Is it possible to modify the numpy.random.choice function in order to make it return the index of the chosen element?
Basically, I want to create a list and select elements randomly without replacement
import numpy as np
>>> a = [1,4,1,3,3,2,1,4]
>>> np.random.choice(a)
>>> 4
>>> a
>>> [1,4,1,3,3,2,1,4]
a.remove(np.random.choice(a)) will remove the first element of the list with that value it encounters (a[1] in the example above), which may not be the chosen element (eg, a[7]).

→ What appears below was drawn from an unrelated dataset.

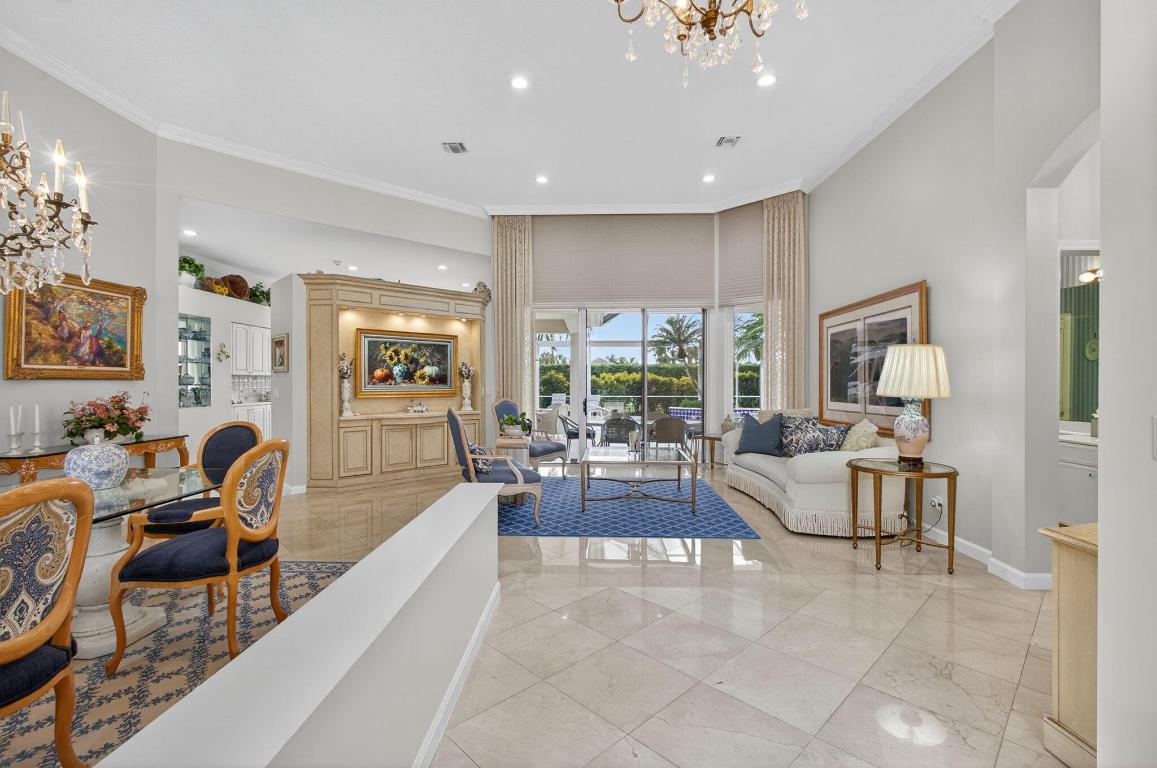 8784 Lakes Boulevard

Regarding your first question, you can work the other way around, randomly choose from the index of the array a and then fetch the value.
>>> a = [1,4,1,3,3,2,1,4]
>>> a = np.array(a)
>>> random.choice(arange(a.size))
6
>>> a[6]
But if you just need random sample without replacement, replace=False will do. Can't remember when it was firstly added to random.choice, might be 1.7.0. So if you are running very old numpy it may not work. Keep in mind the default is replace=True
Here's one way to find out the index of a randomly selected element:
import random # plain random module, not numpy's
random.choice(list(enumerate(a)))[0]
=> 4 # just an example, index is 4
Or you could retrieve the element and the index in a single step:
random.choice(list(enumerate(a)))
=> (1, 4) # just an example, index is 1 and element is 4
numpy.random.choice(a, size=however_many, replace=False)

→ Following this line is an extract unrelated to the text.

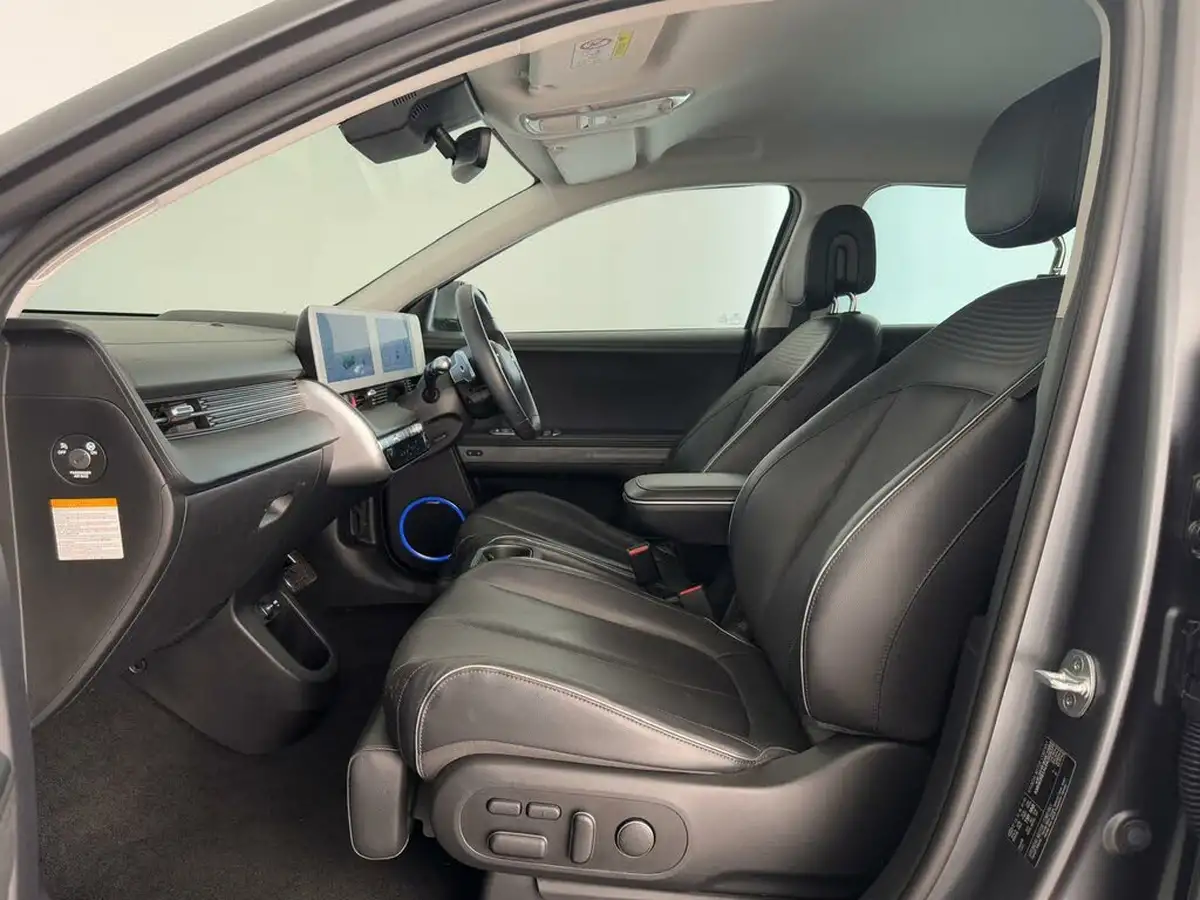 2021-hyundai-ioniq-5-e-ultimate-217ps-73kwh-rwd-big-10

If you want a sample without replacement, just ask numpy to make you one. Don't loop and draw items repeatedly. That'll produce bloated code and horrible performance.
Example:
>>> a = numpy.arange(10)
>>> a
array([0, 1, 2, 3, 4, 5, 6, 7, 8, 9])
>>> numpy.random.choice(a, size=5, replace=False)
array([7, 5, 8, 6, 2])
On a sufficiently recent NumPy (at least 1.17), you should use the new randomness API, which fixes a longstanding performance issue where the old API's replace=False code path unnecessarily generated a complete permutation of the input under the hood:
rng = numpy.random.default_rng()
result = rng.choice(a, size=however_many, replace=False)
This is a bit in left field compared with the other answers, but I thought it might help what it sounds like you're trying to do in a slightly larger sense. You can generate a random sample without replacement by shuffling the indices of the elements in the source array :
source = np.random.randint(0, 100, size=100) # generate a set to sample from
idx = np.arange(len(source))
np.random.shuffle(idx)
subsample = source[idx[:10]]
This will create a sample (here, of size 10) by drawing elements from the source set (here, of size 100) without replacement.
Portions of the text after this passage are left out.